▶ **WHAT YOU SHOULD DO**: Return all entries precisely as they stand, without the images.

▶ **RECORDED INFORMATION**:
· · ·

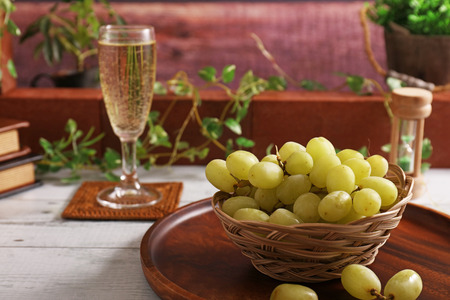 Fresh fruits and a glass of wineの写真素材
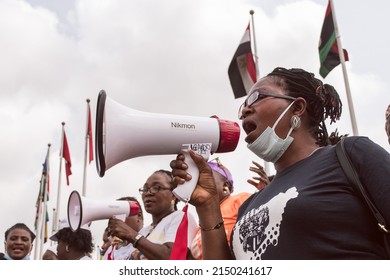 Women trying to make there voices heard using a megaphone - Lagos, NIGERIA, March 8 2022. 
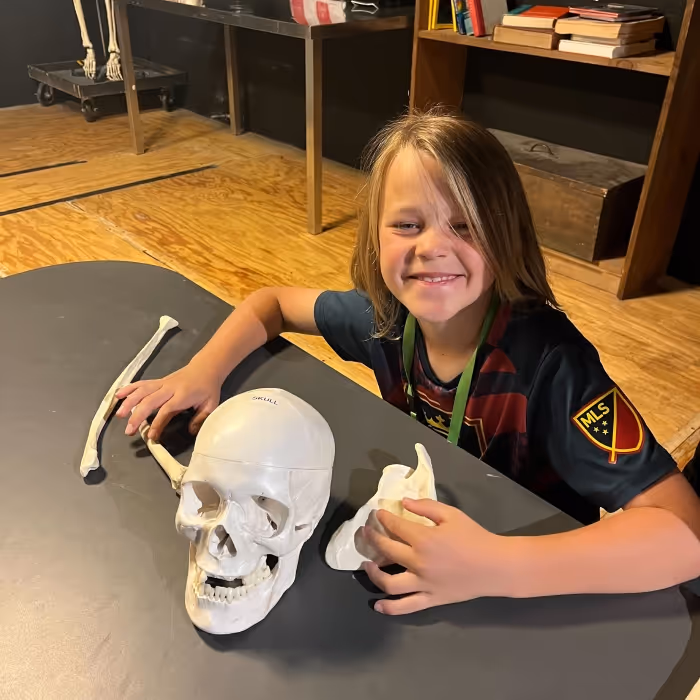 Young girl with a skeleton. 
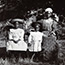 Semane Khama at right, seated, with two children, one of whom is standing, one of whom is seated.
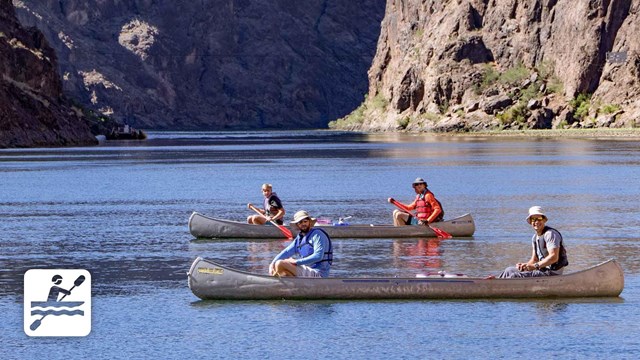 Two canoes floating on lake in front of mountains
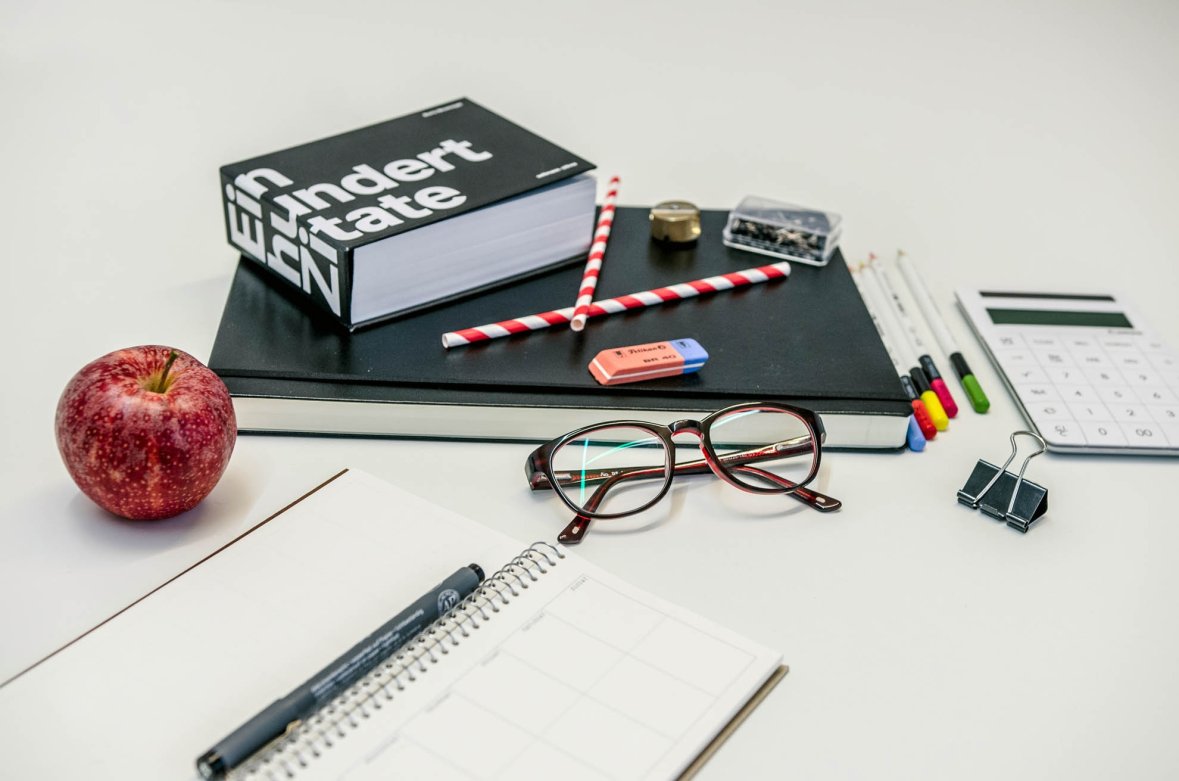 Bir hesap makinesi, bir gözlük, bir not defteri, bir elma ve diğer birçok ofis malzemesi bir masanın üzerinde durmaktadır.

· · ·

▶ **TASK RESULT**:
 Fresh fruits and a glass of wineの写真素材
 Women trying to make there voices heard using a megaphone - Lagos, NIGERIA, March 8 2022. 
 Young girl with a skeleton. 
 Semane Khama at right, seated, with two children, one of whom is standing, one of whom is seated.
 Two canoes floating on lake in front of mountains
 Bir hesap makinesi, bir gözlük, bir not defteri, bir elma ve diğer birçok ofis malzemesi bir masanın üzerinde durmaktadır.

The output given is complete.